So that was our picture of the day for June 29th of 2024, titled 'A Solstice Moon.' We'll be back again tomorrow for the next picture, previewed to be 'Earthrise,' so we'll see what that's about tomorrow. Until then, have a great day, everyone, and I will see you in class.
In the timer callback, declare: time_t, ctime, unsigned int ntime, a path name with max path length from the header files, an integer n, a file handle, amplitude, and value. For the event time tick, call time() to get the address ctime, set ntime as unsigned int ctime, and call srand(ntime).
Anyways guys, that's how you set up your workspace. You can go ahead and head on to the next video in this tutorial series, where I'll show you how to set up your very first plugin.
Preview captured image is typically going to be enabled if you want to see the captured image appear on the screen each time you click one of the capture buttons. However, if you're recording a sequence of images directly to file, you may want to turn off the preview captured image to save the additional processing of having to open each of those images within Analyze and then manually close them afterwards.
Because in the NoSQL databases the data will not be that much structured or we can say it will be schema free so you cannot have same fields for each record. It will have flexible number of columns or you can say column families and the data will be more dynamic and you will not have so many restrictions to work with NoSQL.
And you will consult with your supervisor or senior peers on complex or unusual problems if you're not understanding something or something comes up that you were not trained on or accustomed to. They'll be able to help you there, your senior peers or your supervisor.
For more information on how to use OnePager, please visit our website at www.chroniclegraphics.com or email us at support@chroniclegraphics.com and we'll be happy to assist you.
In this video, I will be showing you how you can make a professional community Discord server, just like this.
__________________________________________________
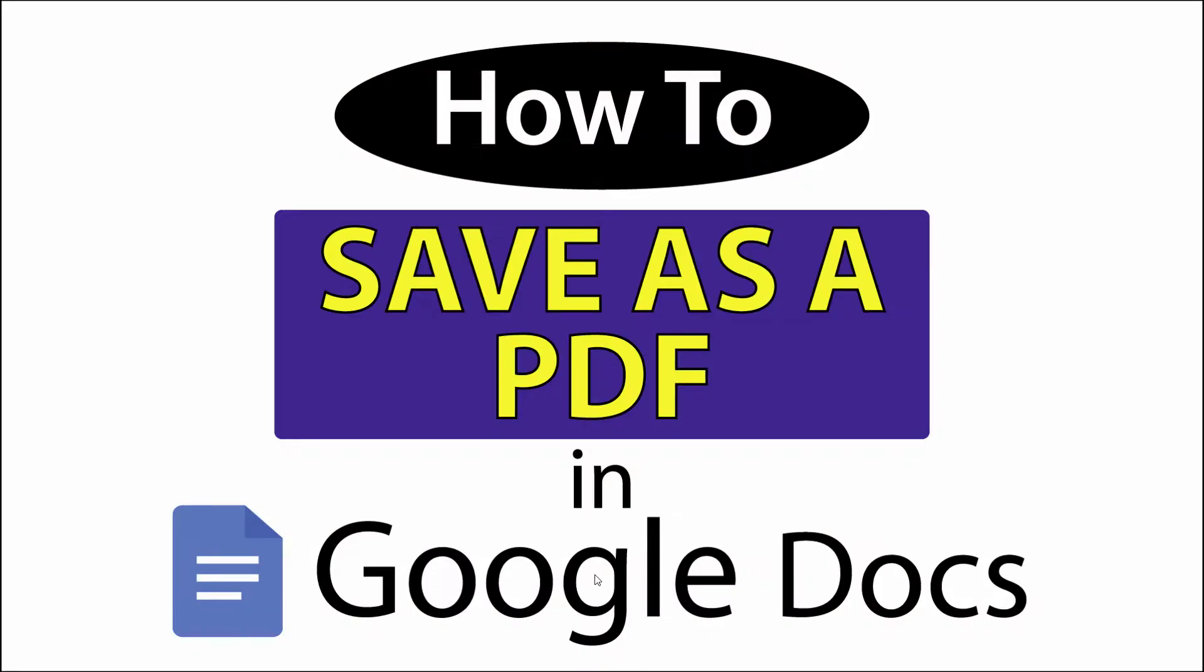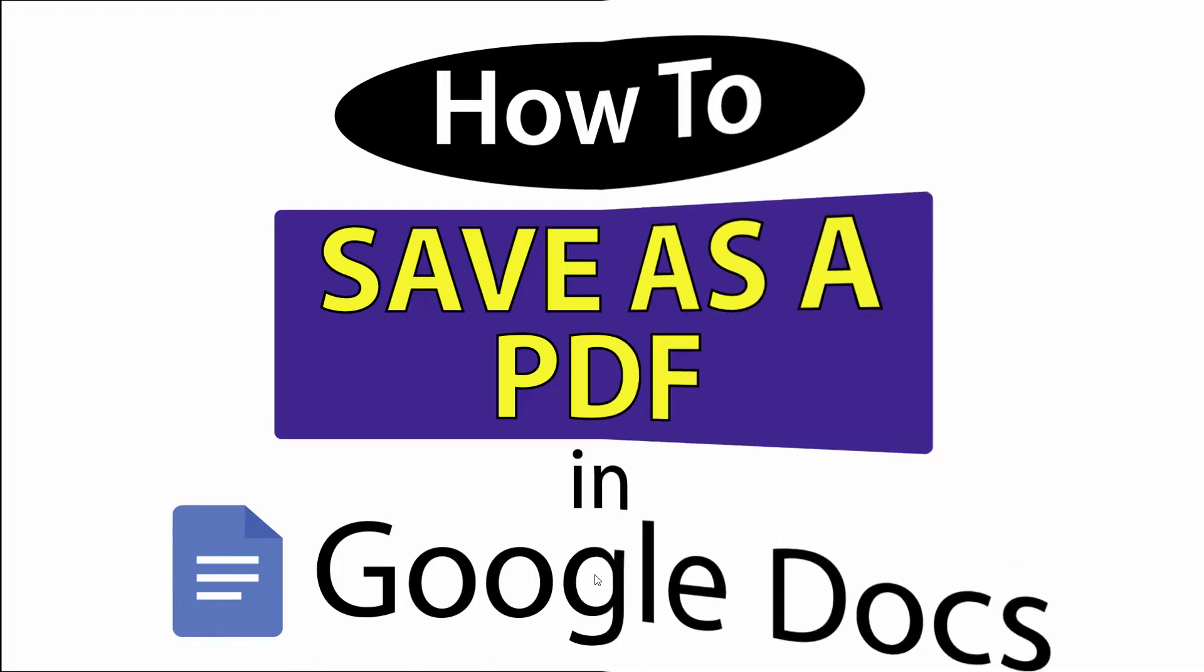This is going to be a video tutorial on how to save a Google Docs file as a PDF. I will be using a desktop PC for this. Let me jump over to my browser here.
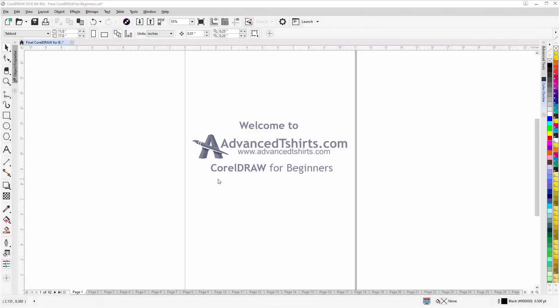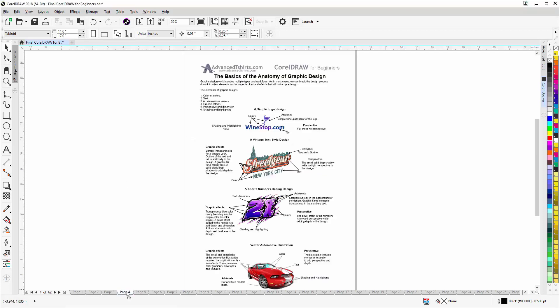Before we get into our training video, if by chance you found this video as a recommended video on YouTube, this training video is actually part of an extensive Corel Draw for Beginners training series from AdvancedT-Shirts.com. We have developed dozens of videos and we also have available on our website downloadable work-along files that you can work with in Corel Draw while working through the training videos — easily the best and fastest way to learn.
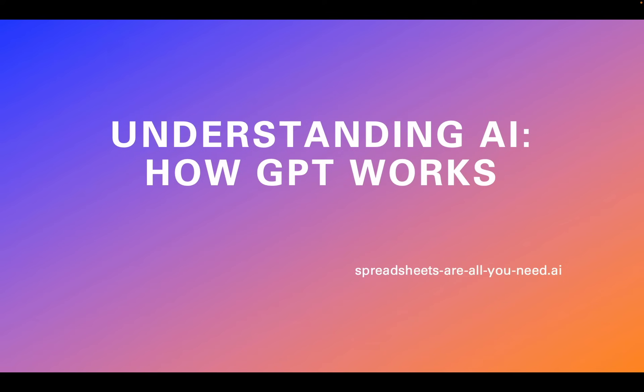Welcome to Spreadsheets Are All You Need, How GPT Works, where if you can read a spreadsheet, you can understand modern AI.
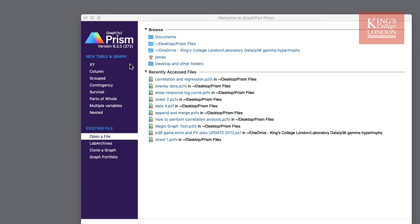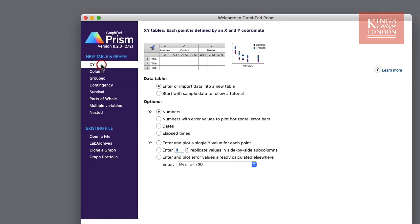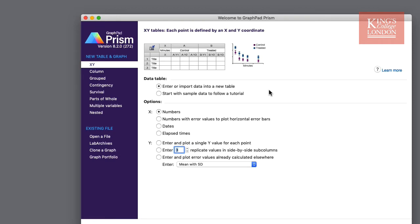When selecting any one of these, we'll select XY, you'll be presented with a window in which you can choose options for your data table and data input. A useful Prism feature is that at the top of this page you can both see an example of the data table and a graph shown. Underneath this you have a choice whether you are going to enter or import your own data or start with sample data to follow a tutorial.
__________________________________________________
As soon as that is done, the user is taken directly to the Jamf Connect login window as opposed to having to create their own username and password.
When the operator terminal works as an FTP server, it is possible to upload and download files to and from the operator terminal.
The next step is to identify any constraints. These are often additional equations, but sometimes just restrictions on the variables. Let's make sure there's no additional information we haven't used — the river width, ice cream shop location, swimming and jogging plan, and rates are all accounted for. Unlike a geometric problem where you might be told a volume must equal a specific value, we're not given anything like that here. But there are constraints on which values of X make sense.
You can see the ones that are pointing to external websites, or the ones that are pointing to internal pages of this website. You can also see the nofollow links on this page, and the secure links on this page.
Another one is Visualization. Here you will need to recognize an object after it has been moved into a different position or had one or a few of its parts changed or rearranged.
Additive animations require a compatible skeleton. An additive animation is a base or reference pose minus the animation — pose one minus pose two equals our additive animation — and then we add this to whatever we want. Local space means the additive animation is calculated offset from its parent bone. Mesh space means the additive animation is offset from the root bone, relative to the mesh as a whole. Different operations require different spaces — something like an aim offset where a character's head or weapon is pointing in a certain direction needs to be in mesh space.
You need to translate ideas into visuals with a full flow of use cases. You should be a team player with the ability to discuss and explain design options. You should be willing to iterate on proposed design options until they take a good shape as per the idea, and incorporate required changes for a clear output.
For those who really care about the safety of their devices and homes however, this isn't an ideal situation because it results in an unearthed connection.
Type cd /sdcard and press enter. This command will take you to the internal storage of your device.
__________________________________________________
WHAT THE EXERCISE ASKS:
Give only the lines from the one holding "And you will consult" through the one holding "In this video, I", each restated exactly as it appears above.

FINISHED EXERCISE:
And you will consult with your supervisor or senior peers on complex or unusual problems if you're not understanding something or something comes up that you were not trained on or accustomed to. They'll be able to help you there, your senior peers or your supervisor.
For more information on how to use OnePager, please visit our website at www.chroniclegraphics.com or email us at support@chroniclegraphics.com and we'll be happy to assist you.
In this video, I will be showing you how you can make a professional community Discord server, just like this.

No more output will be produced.